Well… What can I say, been busy will that work?! Or just lost the oomph to write anything over the summer. No, it can’t just be that! I reckon it’s the fabulous summer we’ve had, I’ve only just come inside… Well almost.

I’ve been so busy in the garden, visiting and having visitors that there has been no time to sit in front of the computer and chat, (oh yes and got a new one of those too).

I have been thinking about blogging, seeing my sisters weekly, if not more frequent posts reminds me, and have been planning the many gardening pages I want to write. I have been trying to work out the best format for garden posts and am coming to the conclusion that each vegetable needs it’s own section with photos of the processes and when to do stuff. However being in the Welsh hills our season is a little behind a majority of the population of Britain, so I’ll have to write the whole year for each veg or it’ll be too late for lots of people.
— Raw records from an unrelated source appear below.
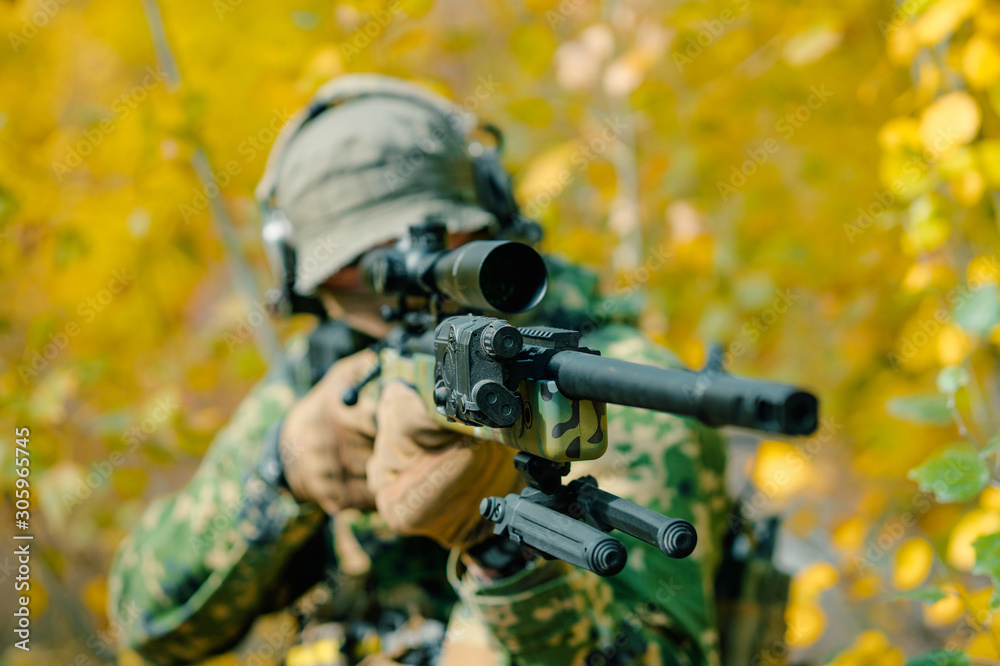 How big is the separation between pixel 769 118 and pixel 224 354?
261cm

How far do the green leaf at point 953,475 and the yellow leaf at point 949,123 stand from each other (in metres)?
0.83

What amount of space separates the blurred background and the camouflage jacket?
0.40 metres

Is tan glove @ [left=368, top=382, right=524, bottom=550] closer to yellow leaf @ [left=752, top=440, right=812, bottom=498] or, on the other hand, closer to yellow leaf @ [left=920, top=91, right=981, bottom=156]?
yellow leaf @ [left=752, top=440, right=812, bottom=498]

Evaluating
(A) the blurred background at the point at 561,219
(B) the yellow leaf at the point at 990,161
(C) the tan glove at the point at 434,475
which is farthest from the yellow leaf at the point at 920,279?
(C) the tan glove at the point at 434,475

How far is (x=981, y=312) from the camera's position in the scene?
4.86ft

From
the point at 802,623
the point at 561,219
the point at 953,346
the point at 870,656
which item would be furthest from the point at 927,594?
the point at 561,219

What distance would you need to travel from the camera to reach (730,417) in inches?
30.8

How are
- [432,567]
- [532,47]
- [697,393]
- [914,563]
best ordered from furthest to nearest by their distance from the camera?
[532,47] → [432,567] → [914,563] → [697,393]

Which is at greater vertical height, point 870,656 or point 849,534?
point 849,534

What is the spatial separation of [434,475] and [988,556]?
0.93 m

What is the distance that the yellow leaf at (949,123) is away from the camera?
71.1 inches

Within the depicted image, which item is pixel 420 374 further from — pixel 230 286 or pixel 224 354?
pixel 230 286

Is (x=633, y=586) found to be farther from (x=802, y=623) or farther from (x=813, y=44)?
(x=813, y=44)

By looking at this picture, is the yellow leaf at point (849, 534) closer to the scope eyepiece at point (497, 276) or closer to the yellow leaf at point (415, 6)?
the scope eyepiece at point (497, 276) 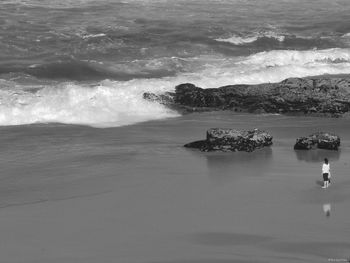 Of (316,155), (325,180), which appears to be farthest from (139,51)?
(325,180)

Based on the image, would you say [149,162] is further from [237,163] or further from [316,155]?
[316,155]

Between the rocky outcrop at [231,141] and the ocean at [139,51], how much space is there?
189 inches

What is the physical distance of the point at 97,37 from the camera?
134ft

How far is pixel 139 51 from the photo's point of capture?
38.4 m

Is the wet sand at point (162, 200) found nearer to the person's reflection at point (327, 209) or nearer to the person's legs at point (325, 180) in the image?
the person's reflection at point (327, 209)

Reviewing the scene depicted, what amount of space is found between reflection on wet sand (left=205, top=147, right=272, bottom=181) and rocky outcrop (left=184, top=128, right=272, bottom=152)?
21 cm

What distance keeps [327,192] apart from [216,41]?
27163mm

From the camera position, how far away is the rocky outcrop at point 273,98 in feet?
79.2

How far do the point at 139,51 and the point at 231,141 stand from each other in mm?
20370

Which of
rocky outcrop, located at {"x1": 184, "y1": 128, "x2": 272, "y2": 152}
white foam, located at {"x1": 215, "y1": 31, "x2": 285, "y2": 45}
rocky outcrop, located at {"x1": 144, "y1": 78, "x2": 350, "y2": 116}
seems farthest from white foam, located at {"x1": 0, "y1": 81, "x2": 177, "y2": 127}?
white foam, located at {"x1": 215, "y1": 31, "x2": 285, "y2": 45}

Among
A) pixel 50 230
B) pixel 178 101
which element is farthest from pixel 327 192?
pixel 178 101

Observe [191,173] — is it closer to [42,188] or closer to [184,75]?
[42,188]

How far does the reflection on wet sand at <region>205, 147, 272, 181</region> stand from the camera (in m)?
Result: 16.9

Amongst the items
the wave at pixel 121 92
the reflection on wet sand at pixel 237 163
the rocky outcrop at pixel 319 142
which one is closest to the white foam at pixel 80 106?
the wave at pixel 121 92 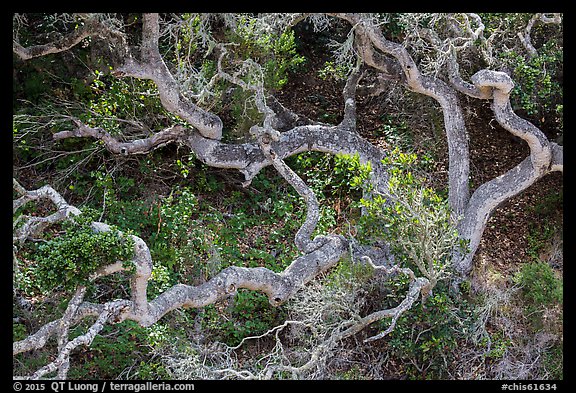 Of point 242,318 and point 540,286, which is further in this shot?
point 242,318

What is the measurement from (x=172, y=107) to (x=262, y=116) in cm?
131

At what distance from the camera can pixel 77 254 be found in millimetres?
6223

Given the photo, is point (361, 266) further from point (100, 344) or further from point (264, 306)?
point (100, 344)

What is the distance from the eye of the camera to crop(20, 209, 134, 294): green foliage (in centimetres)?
619

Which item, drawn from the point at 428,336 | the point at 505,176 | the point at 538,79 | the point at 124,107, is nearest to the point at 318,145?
the point at 505,176

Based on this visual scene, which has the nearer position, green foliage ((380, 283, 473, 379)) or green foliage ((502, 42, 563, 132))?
green foliage ((380, 283, 473, 379))

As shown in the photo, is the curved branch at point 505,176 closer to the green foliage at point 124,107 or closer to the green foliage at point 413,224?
the green foliage at point 413,224

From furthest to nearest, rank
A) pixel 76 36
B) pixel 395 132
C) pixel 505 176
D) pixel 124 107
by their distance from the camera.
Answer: pixel 395 132 < pixel 124 107 < pixel 505 176 < pixel 76 36

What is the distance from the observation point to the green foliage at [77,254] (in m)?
6.19

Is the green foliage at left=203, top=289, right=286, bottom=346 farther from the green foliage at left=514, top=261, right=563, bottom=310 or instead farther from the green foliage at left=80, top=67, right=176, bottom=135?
the green foliage at left=514, top=261, right=563, bottom=310

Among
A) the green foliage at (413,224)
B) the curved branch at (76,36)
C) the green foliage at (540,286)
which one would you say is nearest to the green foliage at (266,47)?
the curved branch at (76,36)

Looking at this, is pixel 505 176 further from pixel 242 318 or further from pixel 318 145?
pixel 242 318

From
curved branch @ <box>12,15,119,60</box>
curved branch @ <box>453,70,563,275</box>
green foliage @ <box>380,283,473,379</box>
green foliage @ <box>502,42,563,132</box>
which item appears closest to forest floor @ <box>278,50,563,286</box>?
curved branch @ <box>453,70,563,275</box> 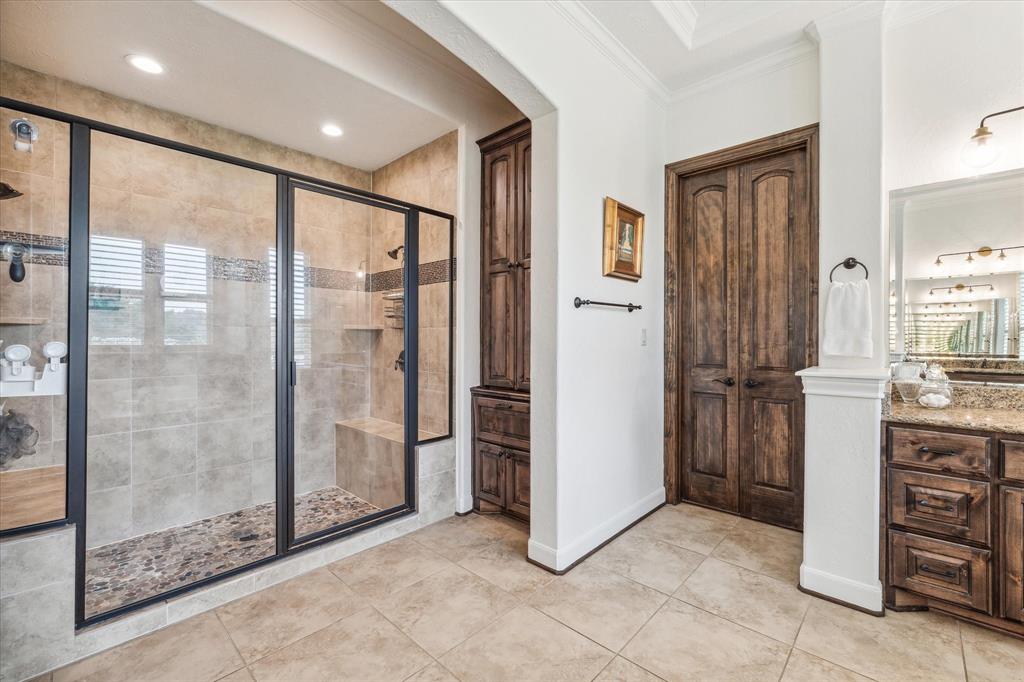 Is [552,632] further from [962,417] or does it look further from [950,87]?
[950,87]

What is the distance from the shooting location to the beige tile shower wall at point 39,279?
72.1 inches

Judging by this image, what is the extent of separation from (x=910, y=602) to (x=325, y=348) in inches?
127

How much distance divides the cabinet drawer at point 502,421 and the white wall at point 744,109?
199 cm

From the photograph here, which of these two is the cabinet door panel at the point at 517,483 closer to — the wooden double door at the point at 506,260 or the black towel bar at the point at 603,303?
the wooden double door at the point at 506,260

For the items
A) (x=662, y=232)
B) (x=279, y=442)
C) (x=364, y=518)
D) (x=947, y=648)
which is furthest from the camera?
(x=662, y=232)

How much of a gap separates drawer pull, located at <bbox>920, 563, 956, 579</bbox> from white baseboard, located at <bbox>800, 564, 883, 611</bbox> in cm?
17

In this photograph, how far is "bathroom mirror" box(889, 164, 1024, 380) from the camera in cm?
217

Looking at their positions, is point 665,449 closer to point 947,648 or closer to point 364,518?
point 947,648

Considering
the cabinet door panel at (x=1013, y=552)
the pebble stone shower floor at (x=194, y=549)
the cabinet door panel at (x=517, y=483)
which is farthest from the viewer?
A: the cabinet door panel at (x=517, y=483)

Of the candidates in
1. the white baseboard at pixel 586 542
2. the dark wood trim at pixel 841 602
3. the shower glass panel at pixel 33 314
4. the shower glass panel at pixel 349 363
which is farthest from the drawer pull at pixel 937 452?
the shower glass panel at pixel 33 314

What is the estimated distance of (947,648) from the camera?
67.9 inches

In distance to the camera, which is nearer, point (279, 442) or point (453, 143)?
point (279, 442)

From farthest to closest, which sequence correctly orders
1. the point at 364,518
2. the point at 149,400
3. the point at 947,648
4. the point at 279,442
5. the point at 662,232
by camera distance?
the point at 662,232
the point at 149,400
the point at 364,518
the point at 279,442
the point at 947,648

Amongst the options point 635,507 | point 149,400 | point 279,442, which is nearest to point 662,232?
point 635,507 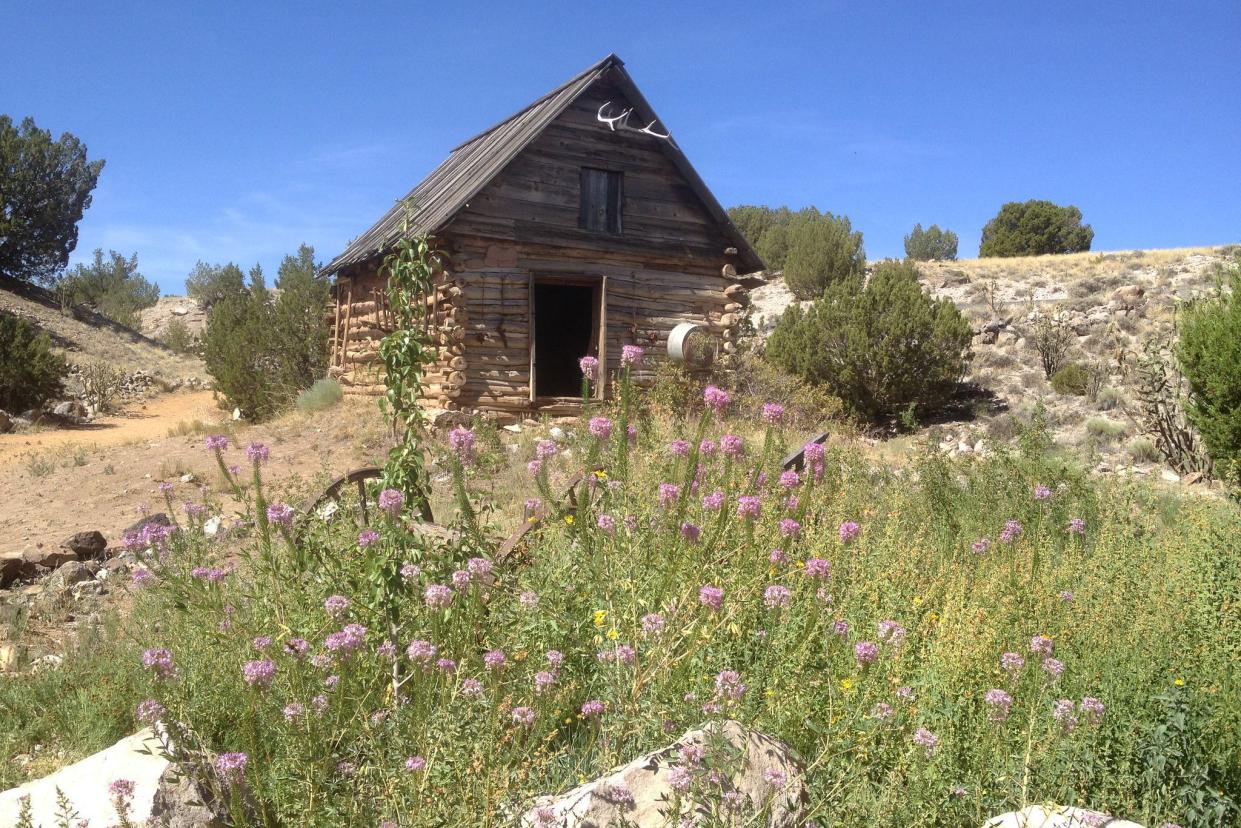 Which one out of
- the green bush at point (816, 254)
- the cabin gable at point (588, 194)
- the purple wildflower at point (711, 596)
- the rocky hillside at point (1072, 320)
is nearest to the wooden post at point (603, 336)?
the cabin gable at point (588, 194)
Watch this space.SL701293 For now…

I picked some lovely apples yesterday from the trees I massacred in 2011, 24 big almost unblemished apples (I’d had a few earlier very sharp and used a couple of wind falls in the chutney I made last week). In 2011 they produced buckets and buckets of small apples with black blotches all over them, I did peel a lot and slice them into rings drying them on wooden spoons by the wood burner but the trees had got well out of hand. I had been dreading the thought of pruning them so hadn’t in 8 years, one was growing half way across the poly tunnel, not ideal! Last year we got nothing, I hadn’t expected anything and the weather probably didn’t help much. But I was really pleased this year, they just kept on getting bigger. The pears haven’t done as well from the pruning, maybe next year will be better. I picked 7 pears from one of the 3 trees and 2 from another, the wasps got a few earlier in the season.

We got a lot of water growth both years, I cut this years off in early September, most to the bottom, (after seeing advice to do so at Erddig a lovely House to visit near Chirk), I left a few with a couple of leaf buds, last years growth I cut off in early Jan so let’s see which works better!

There is only one really blotchy apple, at the back on the left, I haven’t managed to work out quite what is causing the blotching. It could be a number of things or several all together! Calcium or magnesium deficiency, or something to do with the air flow around the trees, some sort of fungal infection. Either way cutting them back really hard seems to have helped. I must remember to feed them, lime and a mulch of homemade compost over the winter might be a good idea and some wood ash in the spring. The problem with mulching around my trees recently is that I have found that this bunch of hens really love to root through it, moving it well away from the tree in the process, and probably eating all the good bugs and certainly all the worms! I’ll have to think of a way of stopping them.

I went against the grain a bit this summer and spent almost £100 on some moveable fencing to protect the outside veg beds from the marauding monsters, an excellent purchase see future post!